Black, a photographer first and foremost, has captured images of abandoned Cleveland buildings and their windows. Those photographs decorate the 4-square-foot chessboard playing surfaces, which rest atop solid, 3-foot-tall cubes. The base of the cubes will be decorated with images of the six different chess pieces.
"I'm now consciously creating [art with] the game of chess [in mind]," says Black, who has made chessboards and pieces since he was younger as a way to stay connected to those memories of his father. "I'm attracted to the patterns of the windows [in my photographs], from the one that is broken to the one with the bullet hole in it to the one that is frosted to the one with the vine over top because, visually, they kind of look like chessboards to me."
Black began attending the Cleveland School of the Arts in the fourth grade. He left Cleveland at 18 to attend Ohio University and then moved to New York City. He was there for five years, all the while visiting galleries and museums that were full of artists telling stories about who they are and where they had come from.
This led him back to the game of chess and the city of Cleveland, where he returned three years ago.

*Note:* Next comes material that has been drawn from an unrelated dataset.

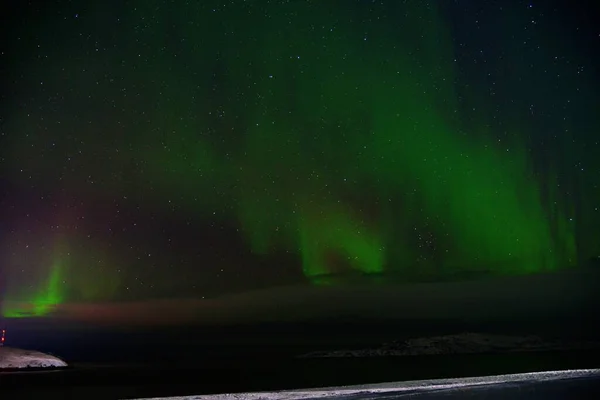 northern lights over the arctic mountains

Now Black, who teaches art and chess to inner-city kids, uses the game as a way to interpret life. For Black, the queen is freedom, the king is stability, the bishop is wisdom, the rook is honesty, the knight is a unique approach, and the pawn is risk-taking. "All of that is based on the conversations me and my dad had a long time ago playing chess," Black says.
Black's work was chosen out of six artist proposals, says Tiffany Graham, project manager at Cleveland Public Art.

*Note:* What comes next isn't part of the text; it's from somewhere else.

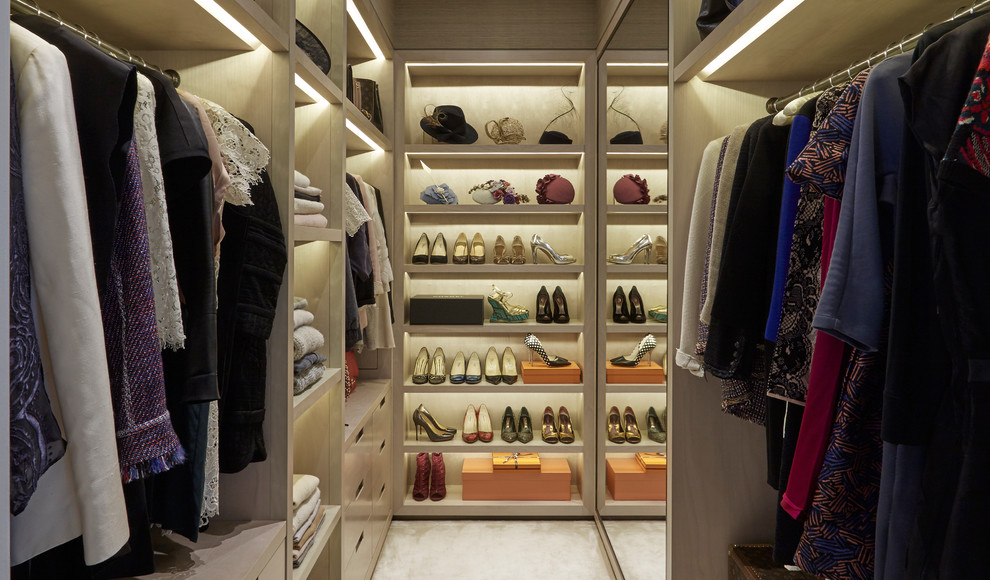 Inspiration for a contemporary women's walk-in closet remodel in London with open cabinets and light wood cabinets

"One of the things we loved about Donald's work is it was so personal," Graham says. "It was telling a story, his story, but also looking at everybody's story. He's creating connections between people and looking at chess as a strategy for life."
The chessboards will be installed this month with an artist reception set for June 9. They will stay up until October. Black is also making about 1,000 chess pieces that will be part of the exhibit. He wants and expects people to stop and play chess on his boards, and he wants them to take a chess piece home with them.
The first match, though, has been reserved for Black and his father, who have reunited and begun developing a stronger relationship, one that has them talking just about every day and seeing each other a couple times a week.
"We play chess every time we see each other," Black says.